Optimize checkout form design

Contributors

@andreea-macoveiciuc-content-expert


Business Benefits

Increase conversions by removing friction and offering a smooth customer experience.


Sort fields from easiest to hardest to fill out when designing forms to get shoppers to commit and reduce abandoning purchases rates.

Start with the easier fields. For example, name and email.

Pre-fill information for shoppers by adding autofill, autoformat, copy/paste functionality, and suggestions to make their checkout process simple and easy.

Check with your web developer to ensure your website is properly set up to support these functions.

Clearly indicate which fields are required or optional and explain why required fields are necessary.

For example, mark required fields with a red asterisk or (required) and include small questions marks next to them that bring up a small pop up explaining why they’re necessary when shoppers hover their mouse over them.

Create visual alerts that automatically highlight fields that have been missed or incorrectly filled out and explain what the issue is.

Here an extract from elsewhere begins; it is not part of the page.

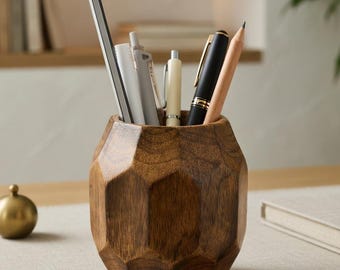 Geometric Wooden Pen Holder Minimalist Desk Organizer Rustic Office Desk Decor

Set your alerts to highlight fields immediately after they’re incorrectly filled out or if shoppers try to continue to the next step without completing the required fields. This feature is built into most forms available on popular ecommerce platforms, but reach out to your web developer if you’re not sure how to implement it.

Ensure that expiration date formats on checkout forms match those used by credit cards (month/year), to avoid confusion.

Keep names and phone numbers as single fields.

Multiple fields with specific requirements, like entering two words for Name and 10 digits for Phone number tend to result in field-level errors and frustrate shoppers trying to complete their purchases. Having fewer fields also makes it easier for shoppers using mobile devices or smaller screens.

Use linear, single column forms instead of spreading forms over multiple columns.

Single column forms are easier and quicker for shoppers to complete, especially if they’re on a mobile device.

Use radio buttons instead of multi-select dropdown boxes.

Forms with multi-select dropdown boxes interrupt user flow and take longer to complete. Radio buttons require less input and maintain user flow, meaning shoppers can complete them quicker and with more confidence.

Show the number of checkout steps and keep users on the same page for all steps to avoid interrupting the checkout process.

  • Give shoppers the option to edit their account and payment information without interrupting or leaving the checkout process.
  • Display Edit links next to fields such as address, account information or payment method to prevent users from leaving the checkout process and abandoning the cart.

Use text links and subtle text instead of prominent coupon code fields to minimize cart abandonment rates.

For example, use text links saying Got a coupon? or something similar over something obvious like Enter your coupon code here. Shoppers who already have a coupon will be looking for a way to enter it anyway and won’t need an obvious field.